Today I washed that purple sweater, let it soak for some twenty minutes in tepid water, and then went on to spread it on a towel and put it into shape. It was huge. And not only that, but washing and blocking made plainly visible something I hadn’t even noticed before : the sweater, made over two different periods of time, is also knitted with two different tensions.


See this picture here ? That’s the right sleeve. The colours are awful, and I apologize for that, but what that picture shows is that the sleeves are knit at a much tighter tension than the body. If you look closely, you can clearly see a difference in the fabric density before and after the sleeves stitches are picked up from the raglan part. The lower part of the sleeve seems to be a slightly lighter colour, because the stitches sit tightly against one another, while the upper part appears darker, because there are gaps in the fabric through which the other side of the sweater shows. This is purely a tension issue. Both parts were knit on needles of the exact same size. And guess what ? The tightly knit parts held their shape and size all right.

So, blocking here did reveal a serious gauge issue. Is that sweater too big because I blocked it ? Not at all. It is too big because of an underlying problem that was here from the start. Actually, this incident made me really happy that I’m in the habit of blocking pretty much everything. If I hadn’t done it, what would have happened ? My friend would have happily worn it a few times, then washed it, and it would have come out too big. She would probably have thought it was her own fault and she had just ruined, by washing it the wrong way, that nice thing I had taken time to make for her.
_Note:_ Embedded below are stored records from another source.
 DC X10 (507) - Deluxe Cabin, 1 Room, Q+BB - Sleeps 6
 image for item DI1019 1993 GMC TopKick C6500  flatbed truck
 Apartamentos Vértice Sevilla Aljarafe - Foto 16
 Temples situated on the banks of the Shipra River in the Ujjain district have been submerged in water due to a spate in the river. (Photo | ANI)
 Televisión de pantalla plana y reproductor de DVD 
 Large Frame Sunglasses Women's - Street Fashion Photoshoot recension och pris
Could I have avoided it ? Yes, totally. When I began that sweater, I knit a swatch. I measured the swatch. It seemed about right, and I was concerned about not having enough yarn, so I frogged it and cast on. That disaster would never have happened if I had simply taken time to wash and block the swatch. Then my tension issues would have been made plainly apparent and I could either have knit tighter or gone down one needle size. But because I was lazy, overconfident and in a haste to cast on, I didn’t and now have an oversized sweater on my arms.

Let’s hope I’ve learned my lesson.


Progress — Slow, Painful, Frustrating Progress

Before we moved to Switzerland, a dear friend asked me to make her a sweater. I was only too happy to oblige. She bought the yarn and chose the pattern herself. I knit a good part of it, then (to my shame) forgot about it as it was buried in a box when we prepared for the move.
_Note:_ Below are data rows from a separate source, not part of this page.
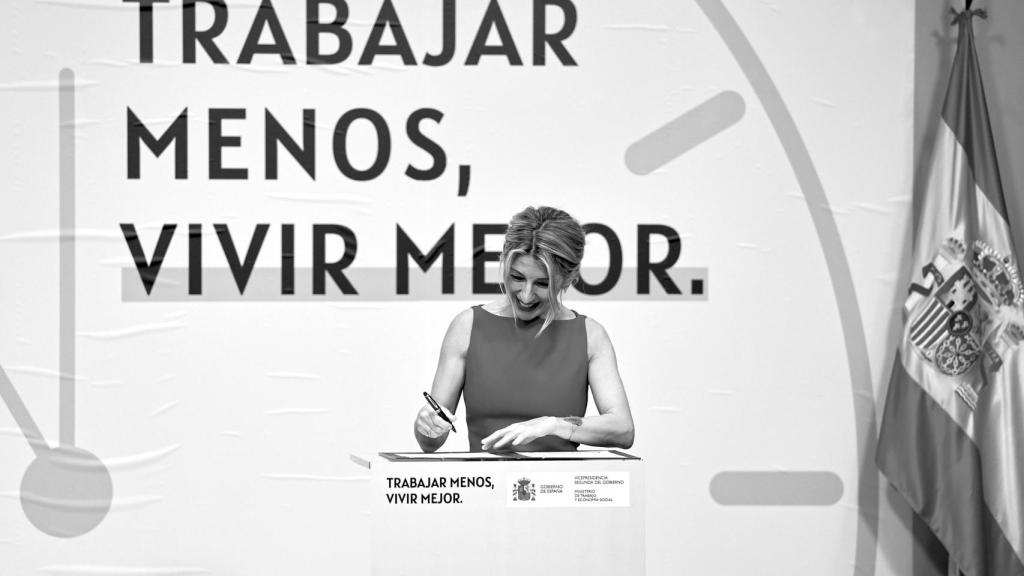 La vicepresidenta segunda del Gobierno y ministra de Trabajo, Yolanda Díaz, firma este viernes con los secretarios generales de CCOO y UGT la reducción de la jornada laboral.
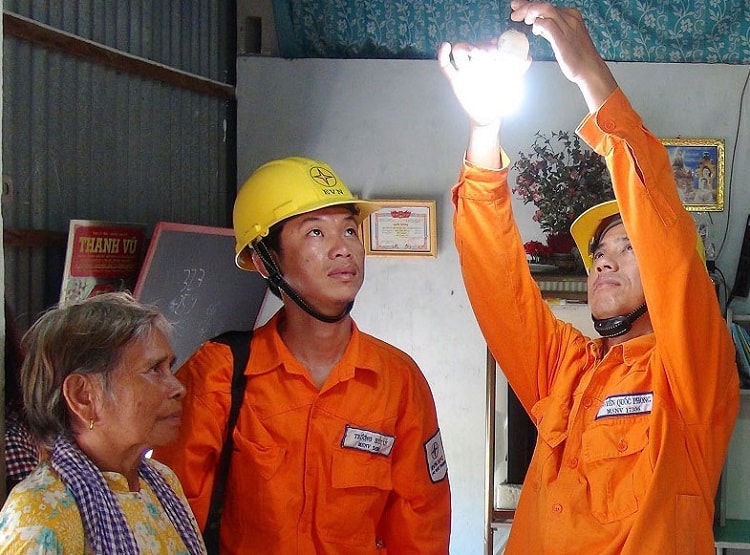 Đề xuất giảm giá điện cho sản xuất kinh doanh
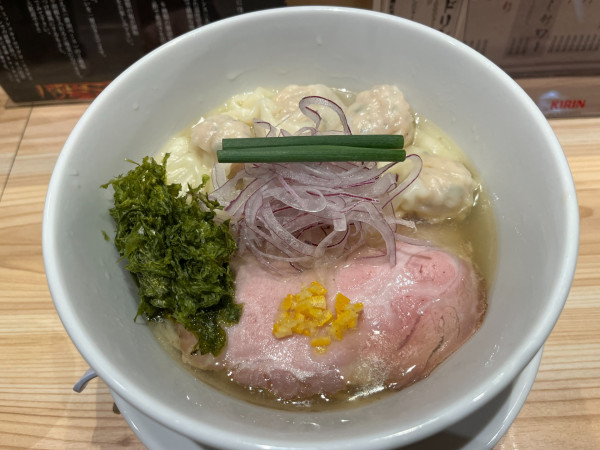 「青森ワンタン拉麺 白」@拉麺·餃子 花秀の写真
I suddenly remembered it and dug it out one week and half ago, when this dear friend told me that she had just been diagnosed with a serious illness and the prospects are none too good. Its body was complete, one half of the first sleeve was done, and I set to the task of finishing it.

Except I had forgotten what an unpleasant knit it is. There’s nothing wrong with the pattern, which is actually very nice (it’s Beth Silverstein’s Francis Revisited). But there are no words to say how much I loathe the yarn. It’s a pretty purple shade, 100% merino wool and should be pleasant to work with. It definitely isn’t. For some reason, knitting this yarn on 6mm needles is almost physically painful, a slow, laborious process. I hate the feel of it. Then it’s the most unforgiving yarn I’ve ever worked with. Every single imperfection, no matter how small, shows. For example, my cat got one of her claws caught in a stitch. She freed herself at once. On most of yarns, there wouldn’t have been a single trace of it (and I know that from experience !). Here ? It made a big mess. Near the neckline of a top-down sweater. And I really, really don’t want to frog and start all over again. Joining balls is a huge problem. I’ve tried about every method I could find on the Internet, and everything – absolutely everything, even my to-go, usually nice and clean solution of knitting both ends together over a few stitches – shows and creates very noticeable irregularities in the plain stockinette texture.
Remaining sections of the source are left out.